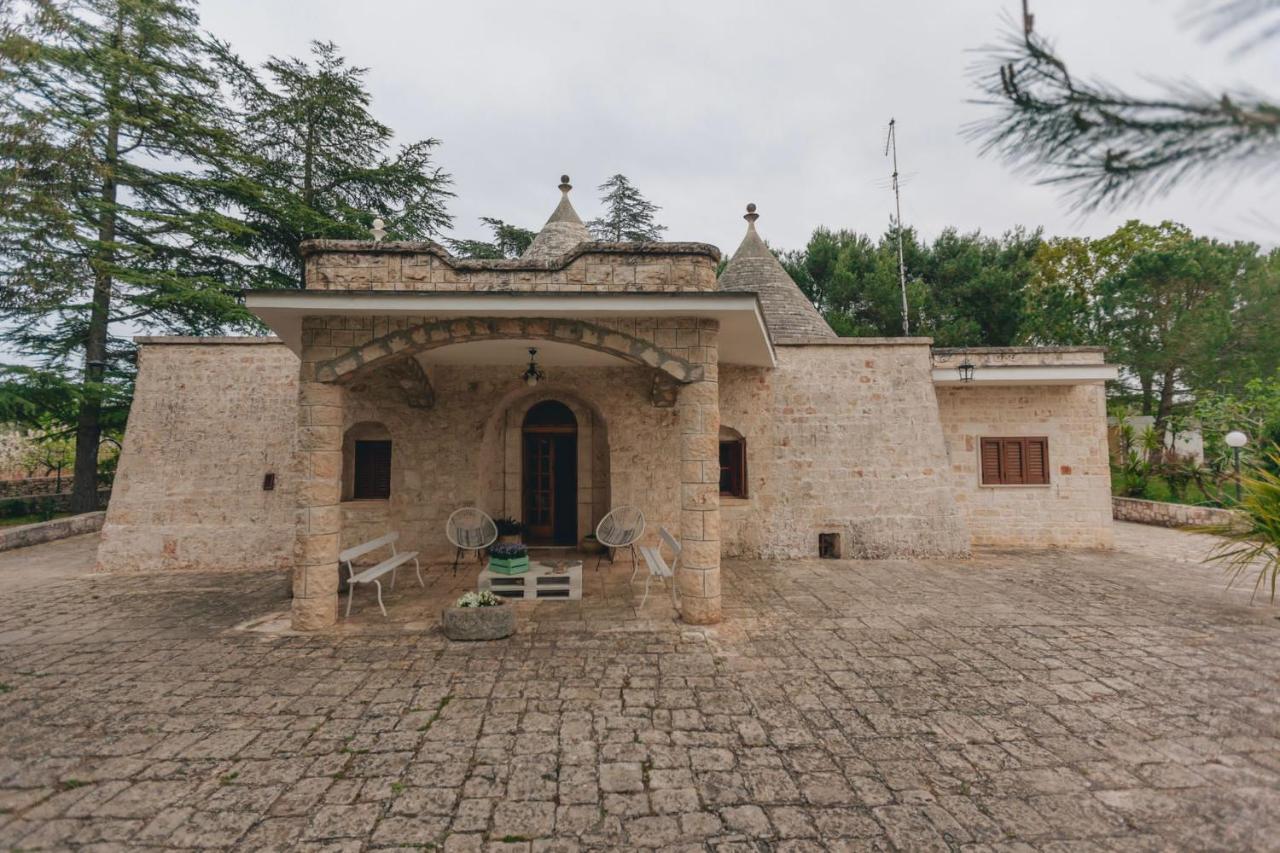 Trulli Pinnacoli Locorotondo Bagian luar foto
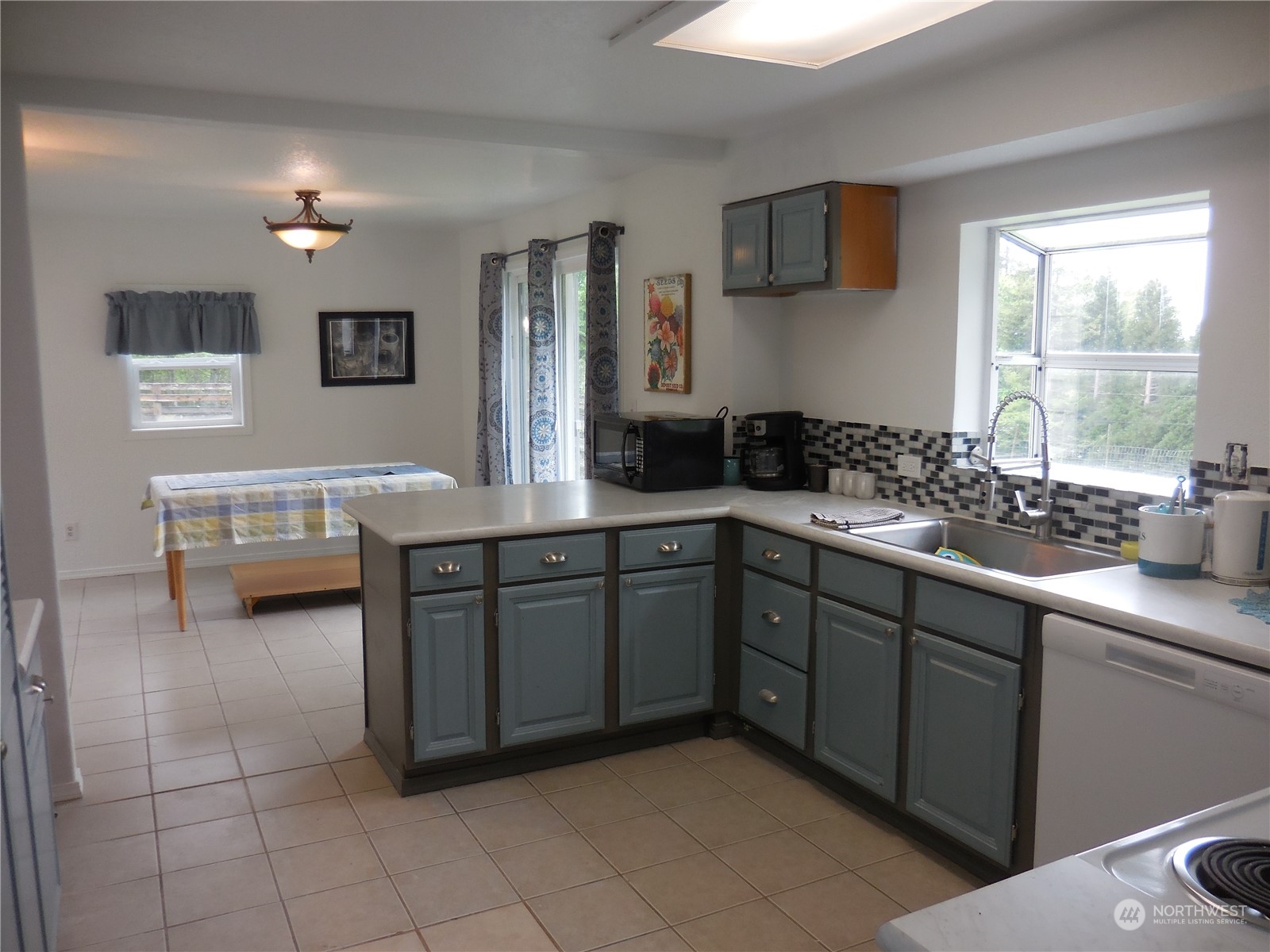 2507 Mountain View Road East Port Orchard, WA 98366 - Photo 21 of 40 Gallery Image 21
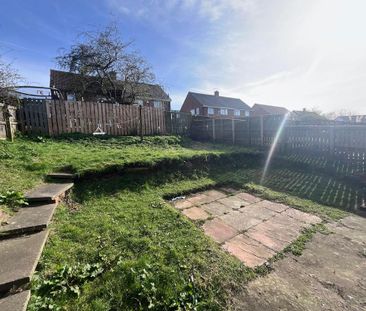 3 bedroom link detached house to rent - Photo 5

· · ·

-- WHAT IS REQUIRED --
Quote the data above in full, leaving out the pictures it holds.

-- FINISHED EXERCISE --
 Trulli Pinnacoli Locorotondo Bagian luar foto
 2507 Mountain View Road East Port Orchard, WA 98366 - Photo 21 of 40 Gallery Image 21
 3 bedroom link detached house to rent - Photo 5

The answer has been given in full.